PROBLEM DESCRIPTION - Repeat all of the records exactly, leaving out the pictures.

Entries taken from a collection:
((

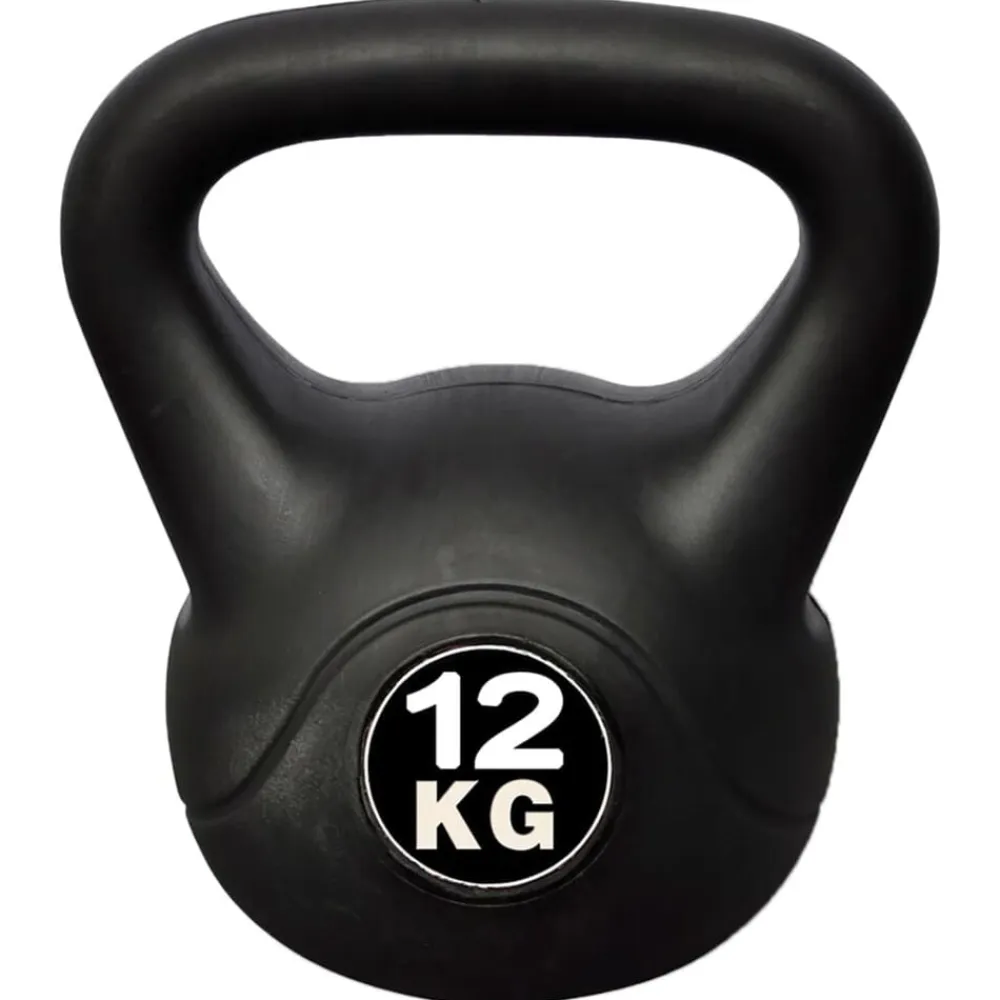 vidaXL Pesa kettlebell 12 kg Clearance
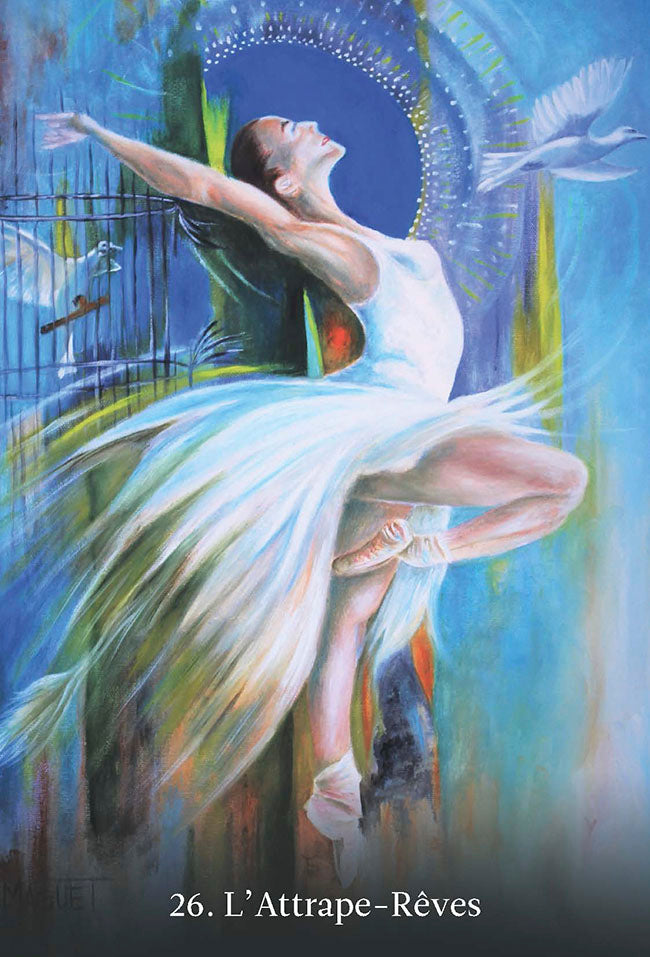 Coffret Fantasia Un voyage fantastique: Cartes contemplatives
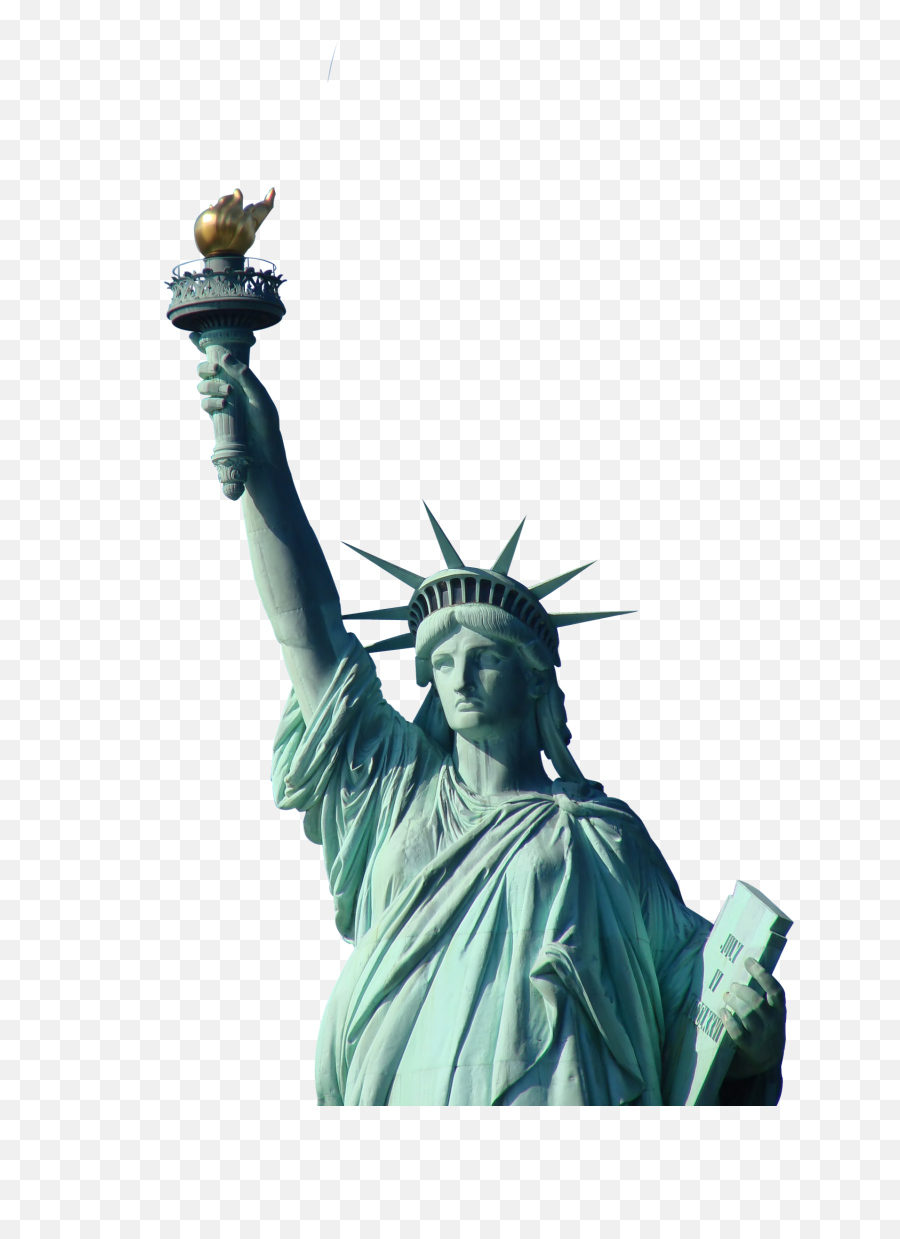 Statue Of Liberty Png Clipart - Statue Of Liberty Emoji,Statue Of Liberty Clipart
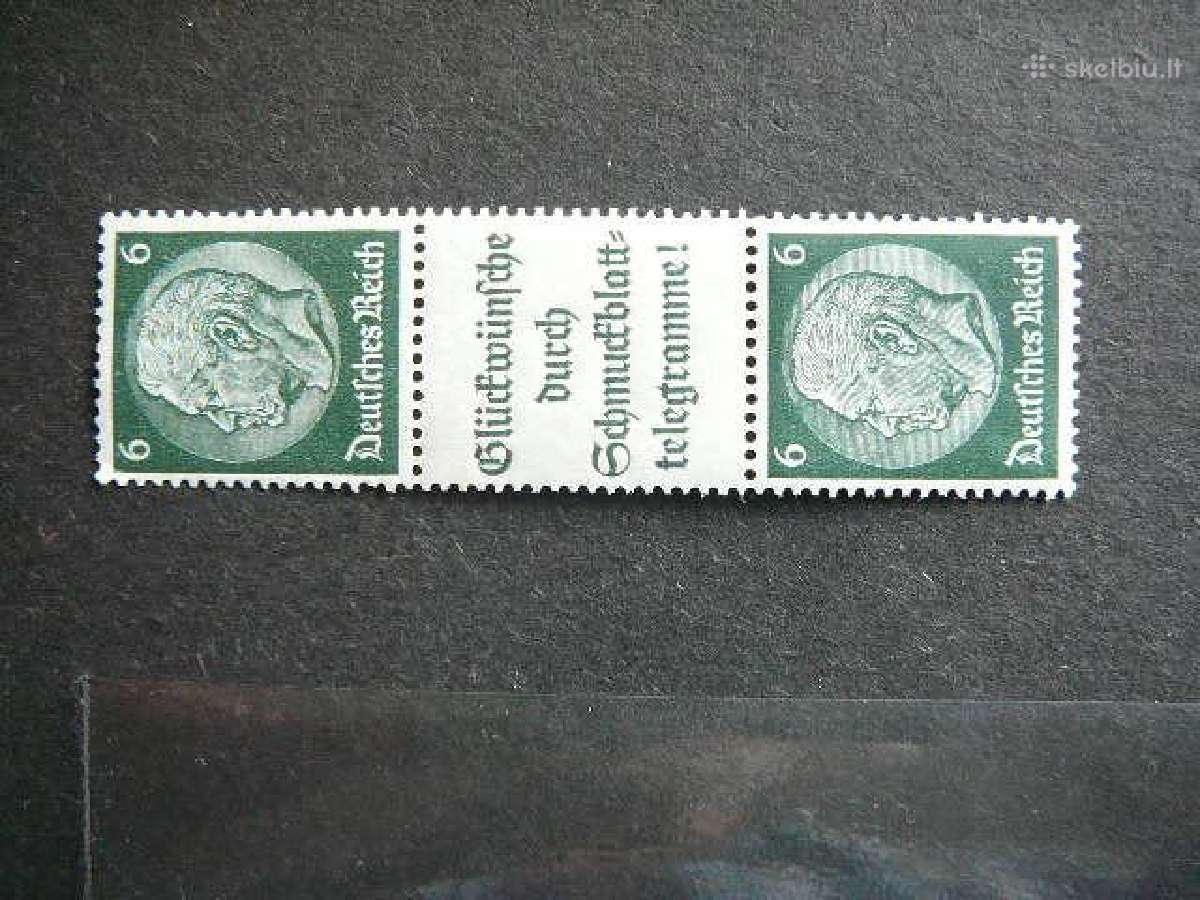Reichsprezidentas Vokietija 1934 vkts186s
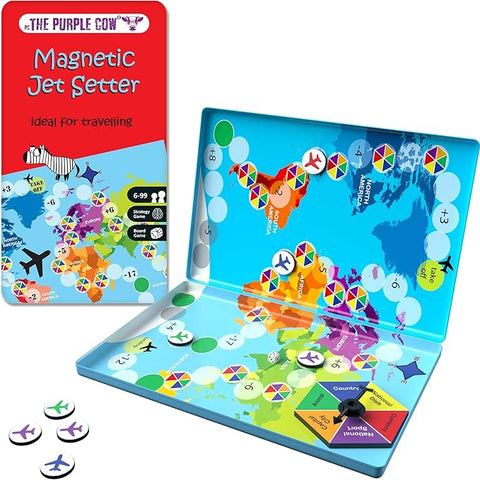 Game - To Go Magnetic Jet Setter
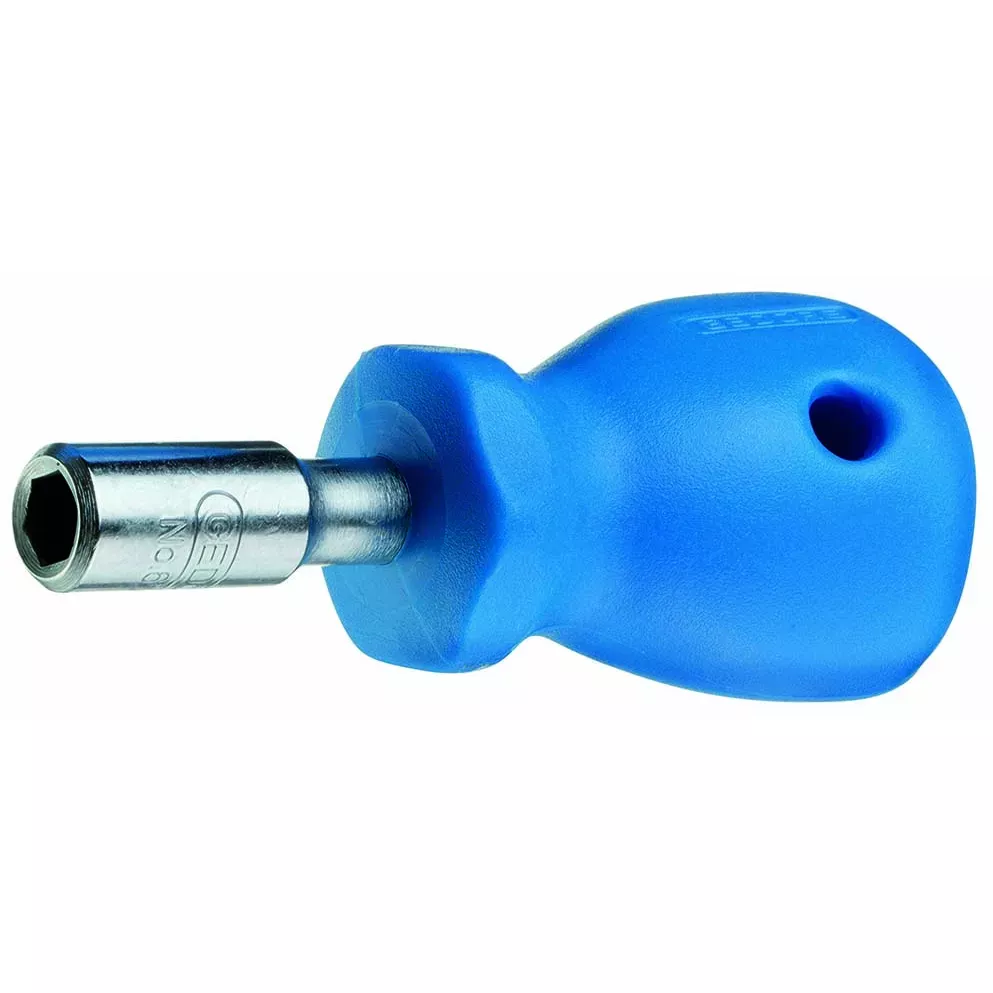 Gedore 670 K Bit screwdriver 1/4″, short pattern 80 mm 1953796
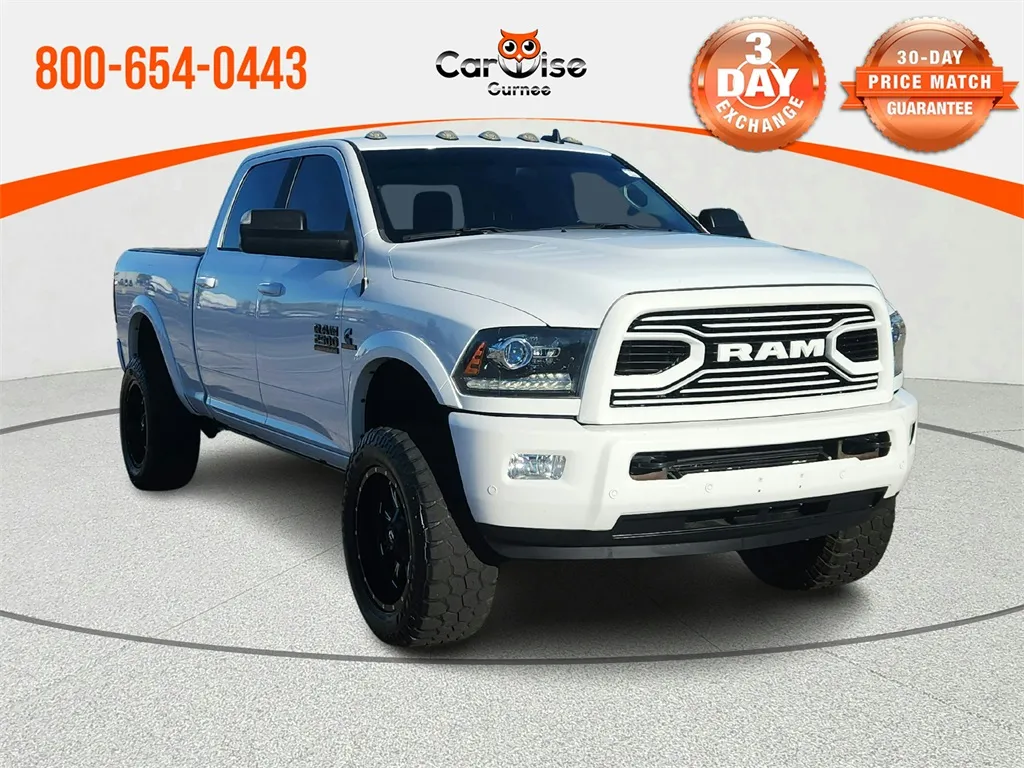 2018 Ram 2500 Laramie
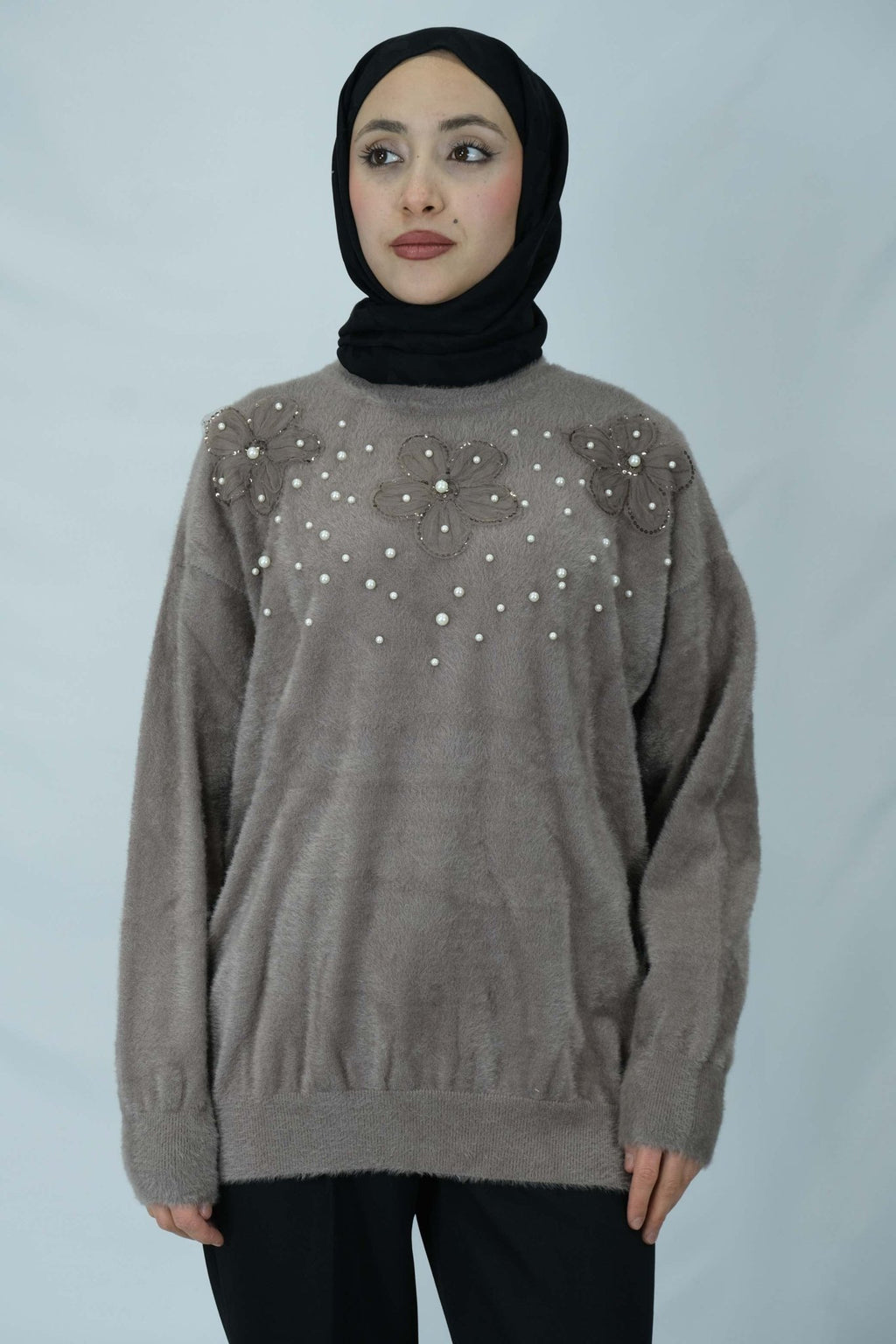 Detaylı kazak 2620 - Desfita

))

TASK OUTPUT -
 vidaXL Pesa kettlebell 12 kg Clearance
 Coffret Fantasia Un voyage fantastique: Cartes contemplatives
 Statue Of Liberty Png Clipart - Statue Of Liberty Emoji,Statue Of Liberty Clipart
Reichsprezidentas Vokietija 1934 vkts186s
 Game - To Go Magnetic Jet Setter
 Gedore 670 K Bit screwdriver 1/4″, short pattern 80 mm 1953796
 2018 Ram 2500 Laramie
 Detaylı kazak 2620 - Desfita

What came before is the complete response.